» **WORK TASK**
Beginning with the line that contains "Fotodiox Pro Factor", write out each remaining line of the records below exactly. Do not copy any picture.

(SUPPLIED RECORDS Opens)

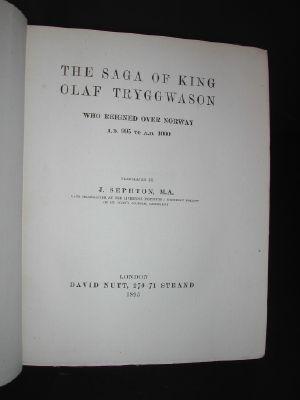 the saga of king olaf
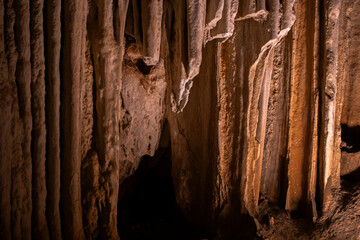 inside the Nerja caves in Malaga, Spain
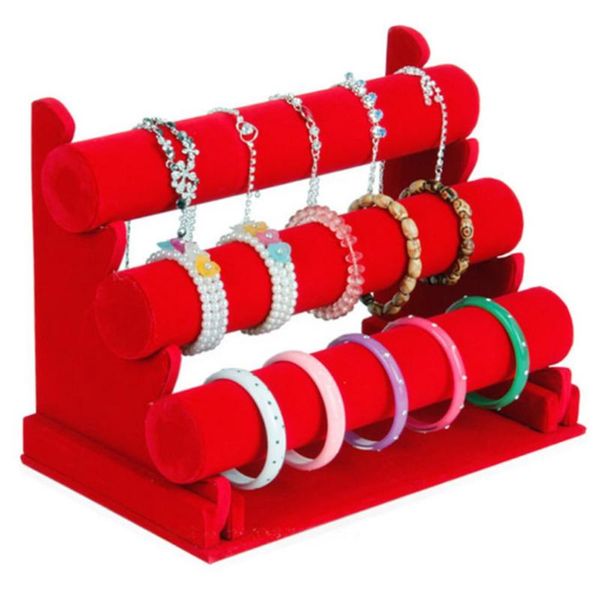 watch boxes & cases 3-tier bracelet jewelry display rack black velvet bangle brecelet organizer storage holder box case 2021, Black;blue
watch boxes & cases 3-tier bracelet jewelry display rack black velvet bangle brecelet organizer storage holder box case 2021, Black;blue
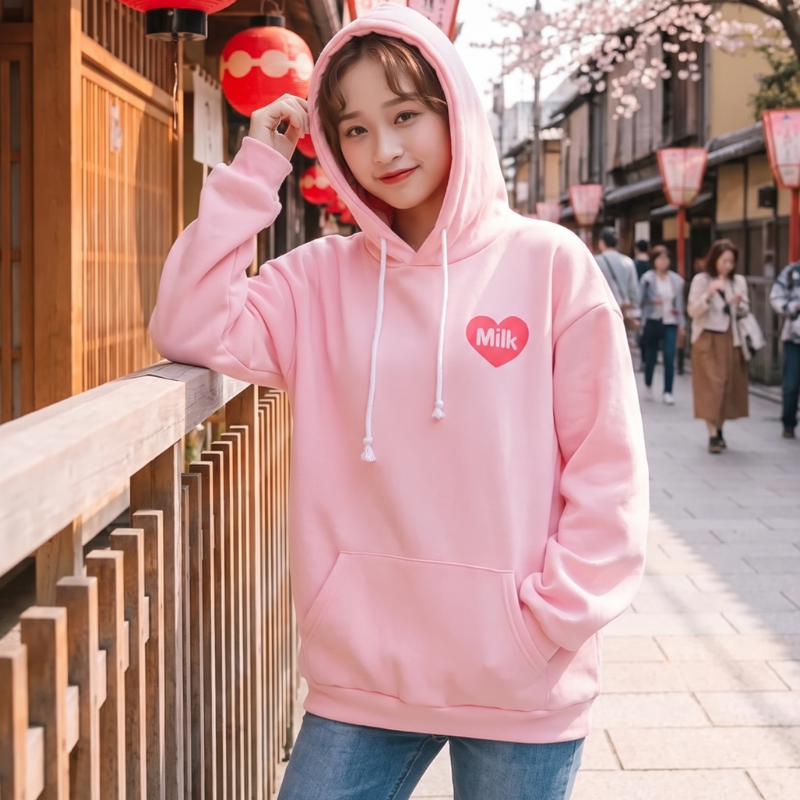 Kawaii Milk Carton Hoodie
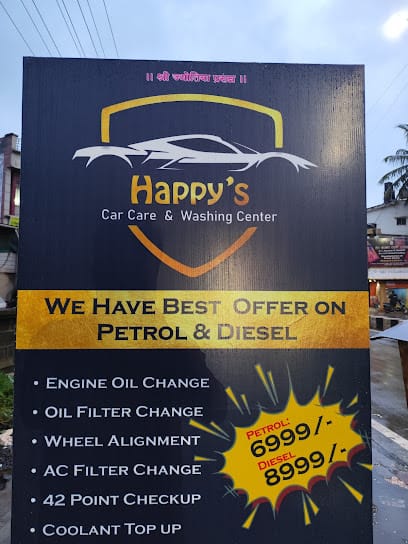 Happy's car care and washing center business photograph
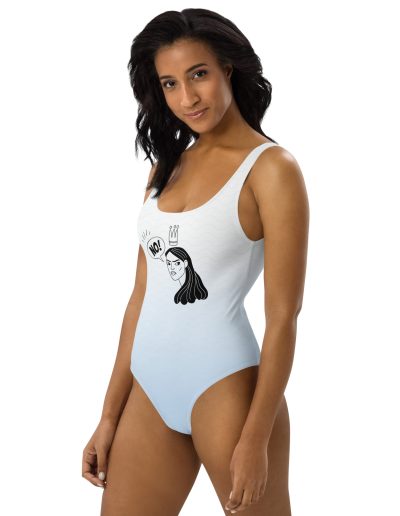 NO! Feminist One-Piece Swimsuit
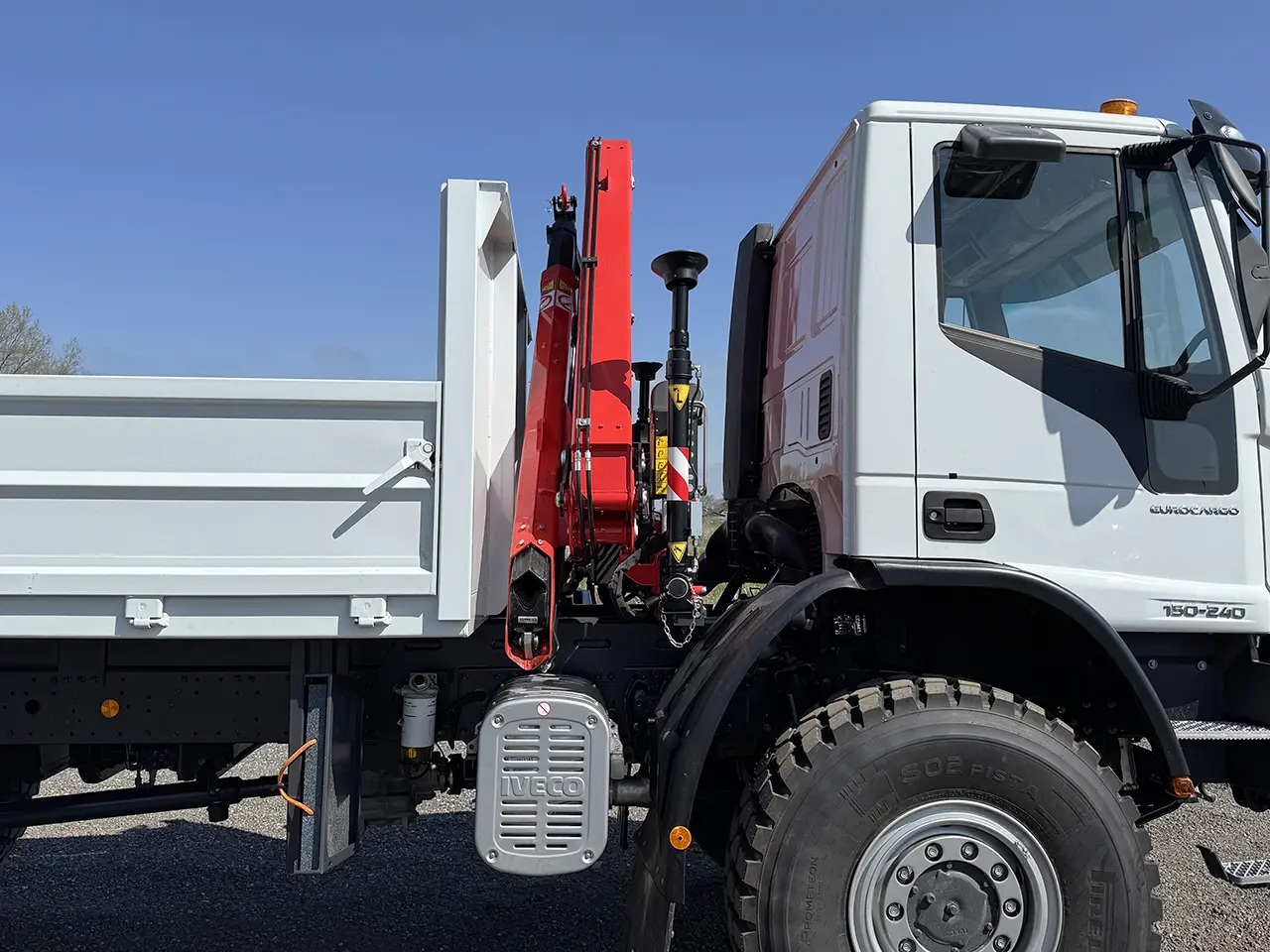Iveco Eurocargo ML150E24WS Fassi F65B.1.24 Camion grue 4x4 11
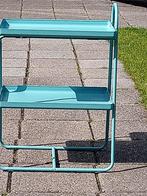 ikea hattasen nachttafeltje blauw, Ophalen, Minder dan 45 cm, Metaal of Aluminium, Nieuw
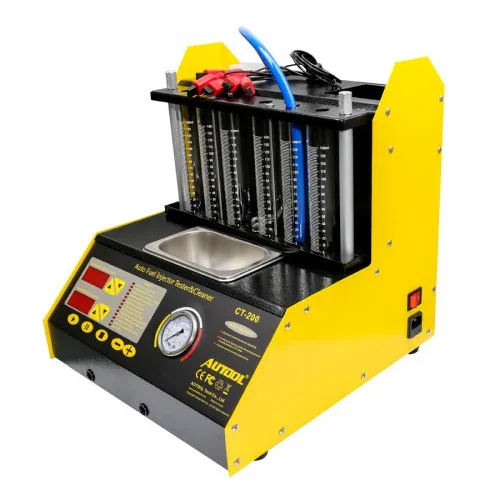 AUTOOL CT200 Ultrasonic Fuel Injector Cleaner & Tester Support 110V/220V with English Panel
AUTOOL CT200 Ultrasonic Fuel Injector Cleaner & Tester Support 110V/220V with English Panel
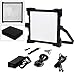 Fotodiox Pro Factor 1x1 V-2000ASVL Kit - Bicolor Dimmable Studio Light with Barndoors, Grid and Carrying Case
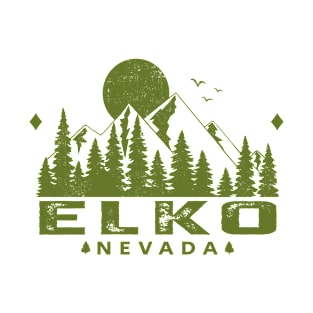 Elko Nevada Mountain View T-Shirt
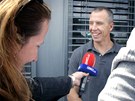 Astronaut Andrew Feustel odpovídá na dotazy redaktorky iDNES.cz. (2. srpna 2011)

(SUPPLIED RECORDS Closes)

» **SOLUTION TO THE EXERCISE**
 Fotodiox Pro Factor 1x1 V-2000ASVL Kit - Bicolor Dimmable Studio Light with Barndoors, Grid and Carrying Case
 Elko Nevada Mountain View T-Shirt
 Astronaut Andrew Feustel odpovídá na dotazy redaktorky iDNES.cz. (2. srpna 2011)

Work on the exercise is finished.